From the data below, repeat everything exactly except the images.

_ _ _ _ _

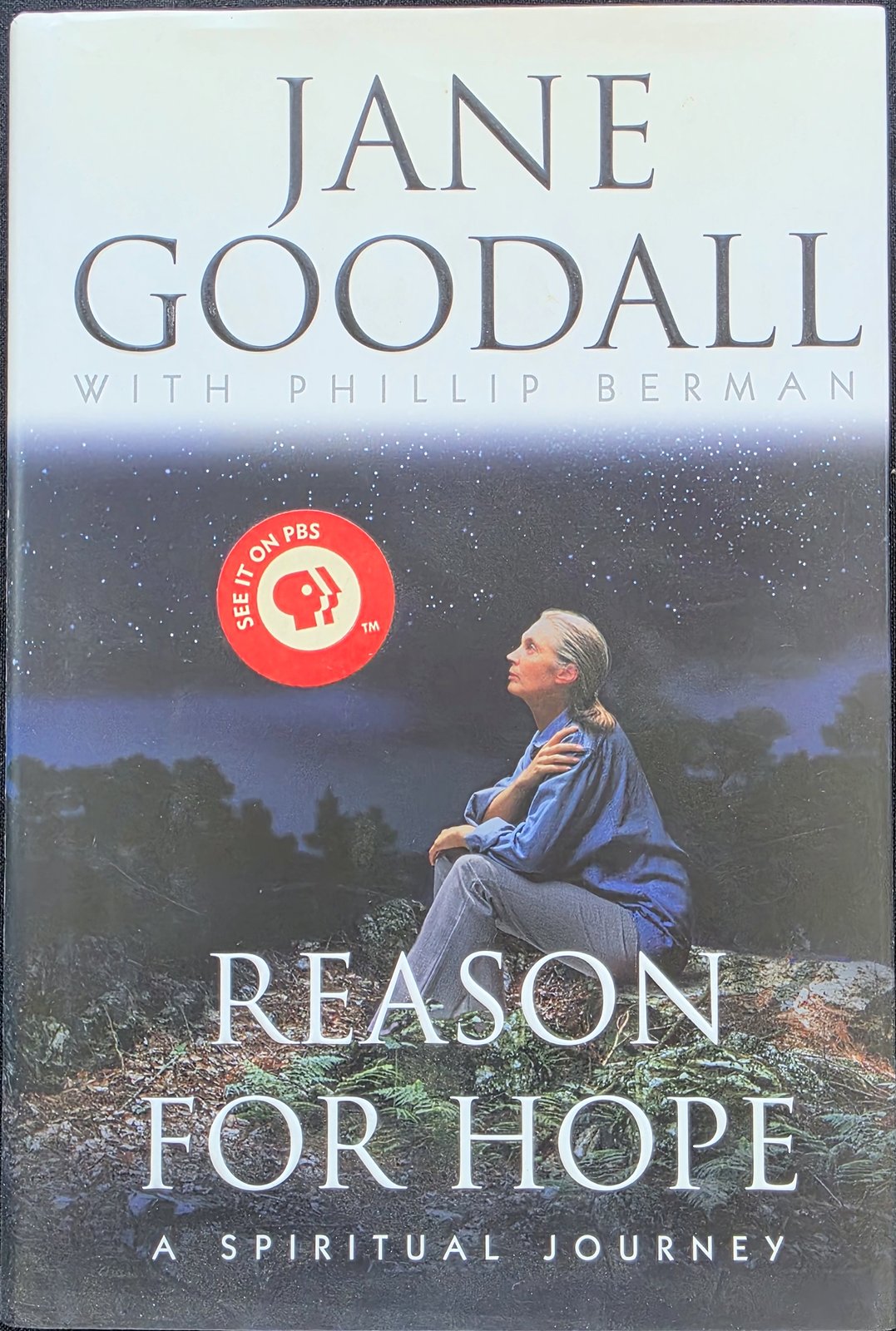 Cover of Reason for Hope: A Spiritual Journey by Jane Goodall with Phillip Berman, showing Goodall seated outdoors, with a round See it on PBS sticker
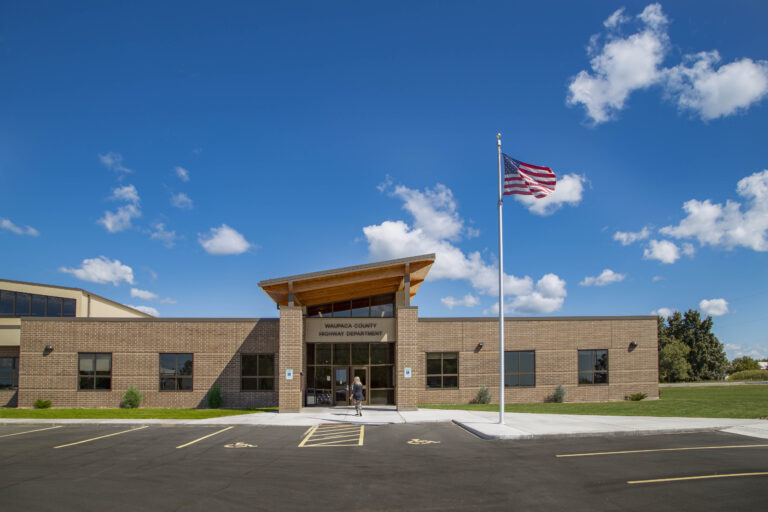 Exterior view during the day of a low building with a raised, angled roof at the entrance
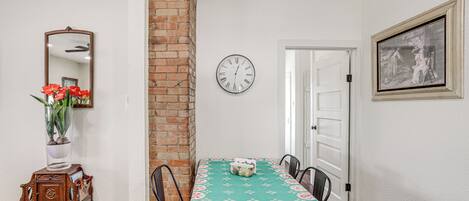 A dining area with a brick wall, a clock, and a table with chairs.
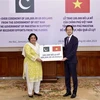 Thứ trưởng Bộ Ngoại giao Đỗ Hùng Việt trao tượng trưng số tiền 100.000 USD cho Đại sứ Pakistan tại Việt Nam Samina Mehtab. (Ảnh: TTXVN phát)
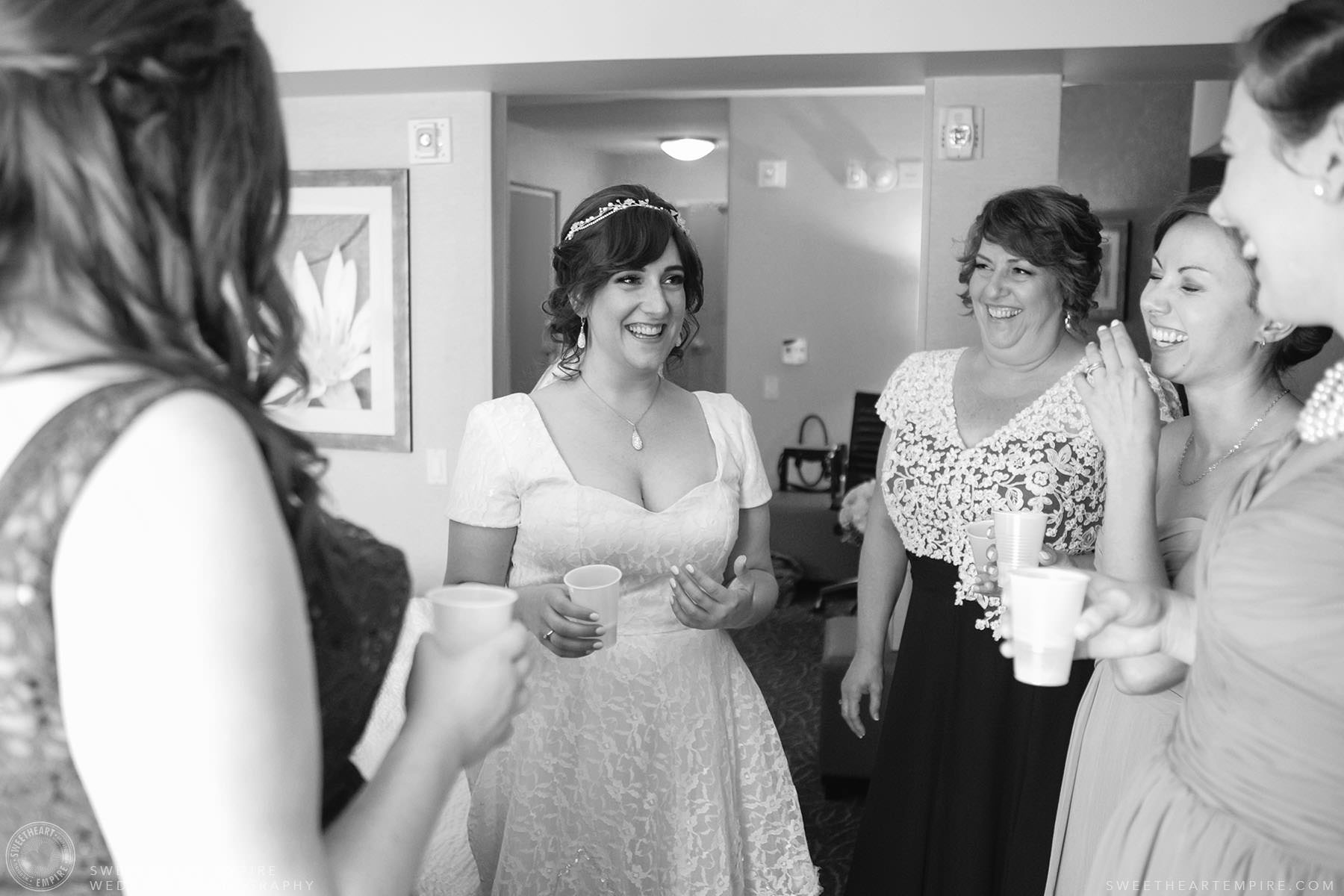 Bride sharing a laugh with her mother and bridesmaids; Aberfoyle Mill Wedding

_ _ _ _ _

◆ **PROBLEM SOLUTION**
 Cover of Reason for Hope: A Spiritual Journey by Jane Goodall with Phillip Berman, showing Goodall seated outdoors, with a round See it on PBS sticker
 Exterior view during the day of a low building with a raised, angled roof at the entrance
 A dining area with a brick wall, a clock, and a table with chairs.
 Thứ trưởng Bộ Ngoại giao Đỗ Hùng Việt trao tượng trưng số tiền 100.000 USD cho Đại sứ Pakistan tại Việt Nam Samina Mehtab. (Ảnh: TTXVN phát)
 Bride sharing a laugh with her mother and bridesmaids; Aberfoyle Mill Wedding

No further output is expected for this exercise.